“I have a simple hypothesis,” writes economist Tyler Cowen. “No matter what the media tells you their job is, the feature of media that actually draws viewer interest is how media stories either raise or lower particular individuals in status.”
Cowen believes this explains why people “get so teed off” at the media:
The status ranking of individuals implied by a particular media source is never the same as yours, and often not even close. You hold more of a grudge from the status slights than you get a positive and memorable charge from the status agreements.
In essence, (some) media is insulting your own personal status rankings all the time. You might even say the media is insulting you. Indeed that is why other people enjoy those media sources, because they take pleasure in your status, and the status of your allies, being lowered. It’s like they get to throw a media pie in your face.
In return you resent the media.
Cowen’s friend and fellow economist Arnold Kling made a similar claim earlier this summer about politics: “a major role of political ideology is to attempt to adjust the relative status of various groups.” One outcome of this is that,
… every adherent to an ideology seeks to elevate the status of those who share that ideology and to downgrade the status of those with different ideologies. That is why it matters that journalists and academics are overwhelmingly on the left. This means that the institutions of the mass media and higher education are inevitably and relentlessly going to seek to lower the status of conservatives.
Whose status do I want to see raised? That’s a question I’ve asked myself several times this summer.
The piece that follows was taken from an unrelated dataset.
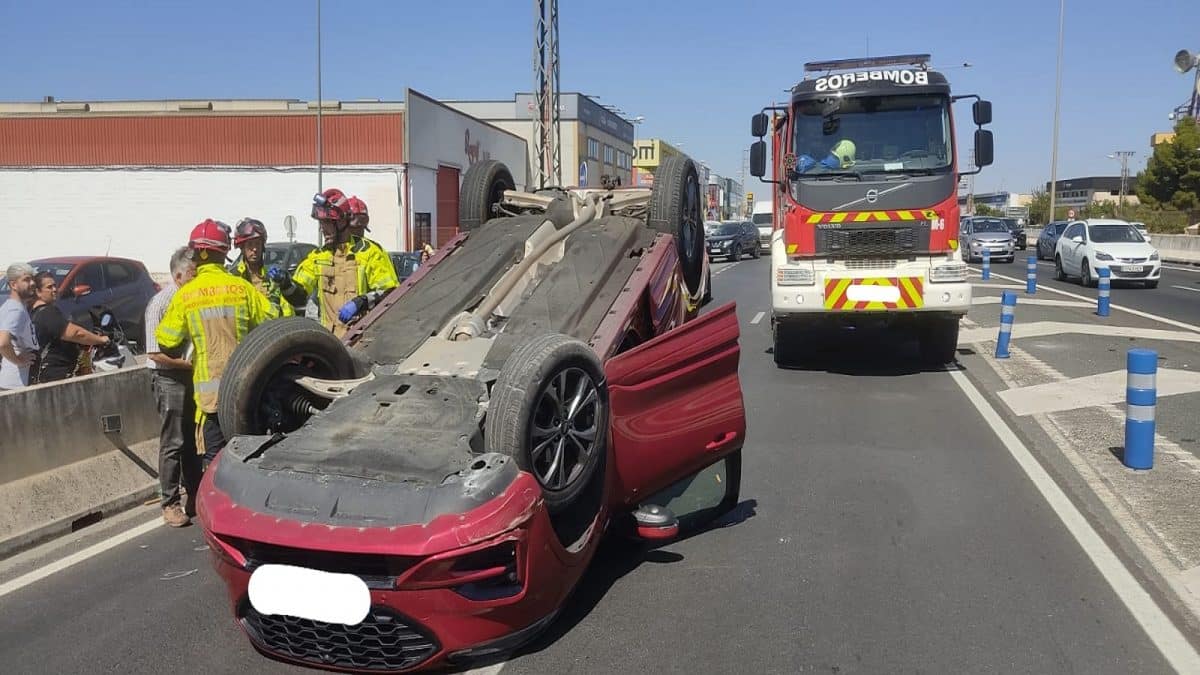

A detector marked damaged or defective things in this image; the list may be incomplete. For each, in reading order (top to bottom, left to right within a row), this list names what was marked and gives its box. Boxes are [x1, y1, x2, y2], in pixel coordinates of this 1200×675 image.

And as I’ve said before, if I were being perfectly candid I’d probably say my own (as most of us would). But if I were allowed a more idealistic answer I’d say that, as a Christian and in the context of my work for Acton, I want to raise the status of three groups: the poor, the vulnerable, and consumers.
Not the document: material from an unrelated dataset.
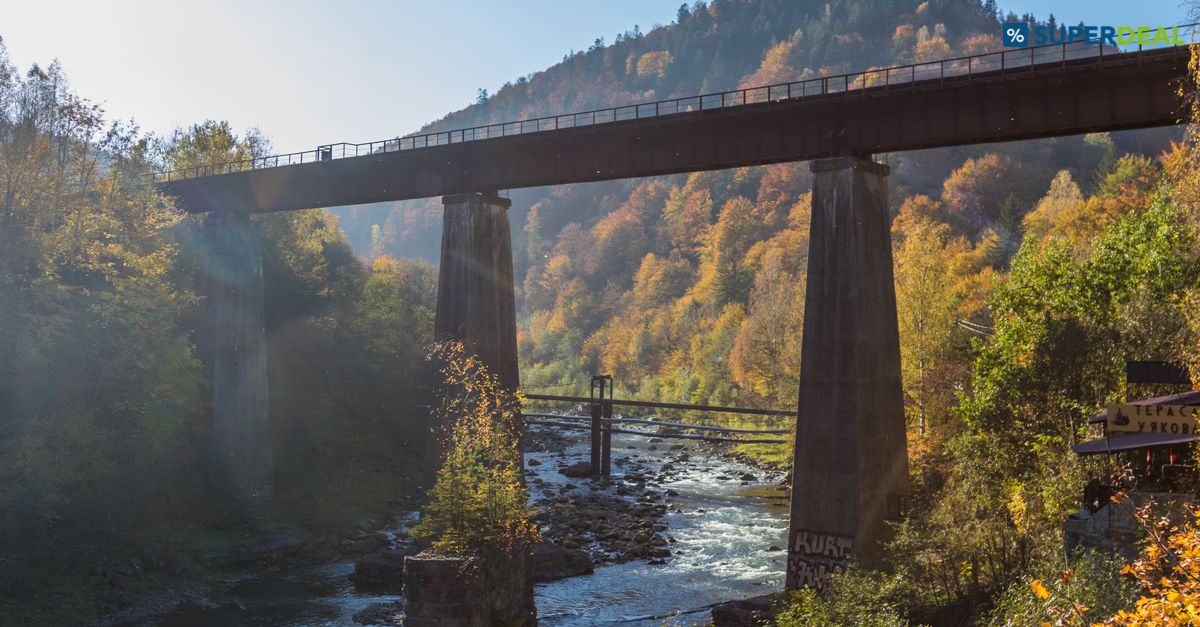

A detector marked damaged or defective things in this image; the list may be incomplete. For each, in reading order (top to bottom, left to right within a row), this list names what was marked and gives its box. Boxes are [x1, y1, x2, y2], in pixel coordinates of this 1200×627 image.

rusty metal beam [159, 47, 1190, 213]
From a biblical perspective, the first two groups seem to be obvious choices. Scripture contains numerous admonitions for us to not only recognize the poor and economically vulnerable but also to advance their concerns. In a way, the same could be said for consumers, though the biblical case for protecting consumers is less clear and direct.
I believe the nineteenth-century French journalist Frédéric Bastiat was making a biblically defensible point when he said,
consumption is the great end and purpose of political economy; that good and evil, morality and immorality, harmony and discord, everything finds its meaning in the consumer, for he represents mankind.
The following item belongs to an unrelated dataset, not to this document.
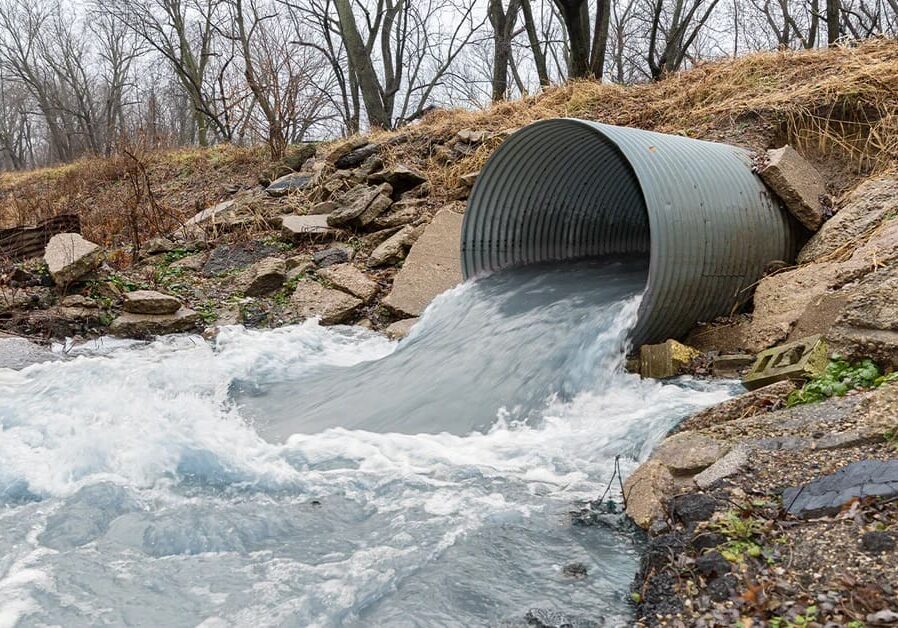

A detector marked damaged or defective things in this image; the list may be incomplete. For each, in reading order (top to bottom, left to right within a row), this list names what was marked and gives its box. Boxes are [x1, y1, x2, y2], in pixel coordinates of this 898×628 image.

broken concrete [756, 146, 824, 232]
broken concrete [380, 209, 462, 316]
I’ve argued for that claim before, so I won’t rehash that here. Instead I want to return to the original point made by Cowen and Arnold and consider how it can help us understand our current predicament. While it may not explain everything, understanding the role of status lowering/raising explain quite a lot about many of the ongoing debates in American society—and why they tend to be so divisive.
Many conservatives (like me) have been frustrated by the media’s raising the status of presidential candidates Hillary Clinton and Donald Trump in a way that is manufactured and sometimes dishonest. We also perceive the media’s raising the status of these candidates to be raising the status of issues that we we oppose, but that both candidates support, such as artificial restrictions on trade and wages.
Unfortunately, our natural reaction is to decry media bias or the flawed political process. While both claims may be true (I think they largely are) it doesn’t change anything to merely express our outrage. It also makes us appear that we are merely concerned about our own narrow interests. While we can expect the media and our political opponents to shrug off our concerns, we should be worried that we are making it easier to dismiss the concerns of those who we want to see rise in the status rankings (e.g., the poor, the vulnerable, and consumers).
Making it absolutely clear whose status we want to raise can help us avoid some of the confusion and misunderstandings that arise because of ideological differences. Of course it won’t be a cure-all. Understanding my status concerns doesn’t mean that populists and progressives will agree with us. And even if they agree it doesn’t even mean they’ll agree about what policies will benefit the groups whose status we want to raise. But by being honest about whose cause we are truly championing we can take a small but important step toward improving policy and political debates.
This understanding can also help us to understand, as Cowen notes in his post, the emotional element that leads us to make mistakes in our own political reasoning. Merely venting our frustration that the media lowers the status of groups we care about isn’t going to change much (or even make us feel better). Neither will shutting ourselves up in a bubble where we listen only to niche media outlets that get paid to tell us what we want to hear (that’s true whether the voice in our bubble is Sean Hannity or John Oliver).
When the media and political groups lower our status rankings we need to find a way to push back—and this is the key part—in a way that is effective. At a minimum, that requires making convincing arguments that are both based on evidence (i.e., that align with reality) and that are morally and emotionally persuasive. We have to aim at both the head and heart of our hearers by making our speech judicious and adding persuasiveness to our lips (Proverbs 16:23, ESV).
This side of heaven we may not be able to ensure that the “least shall be first” (Matthew 20:16). But by understanding the role of status in our terrestrial debates we can help to ensure the least aren’t always last.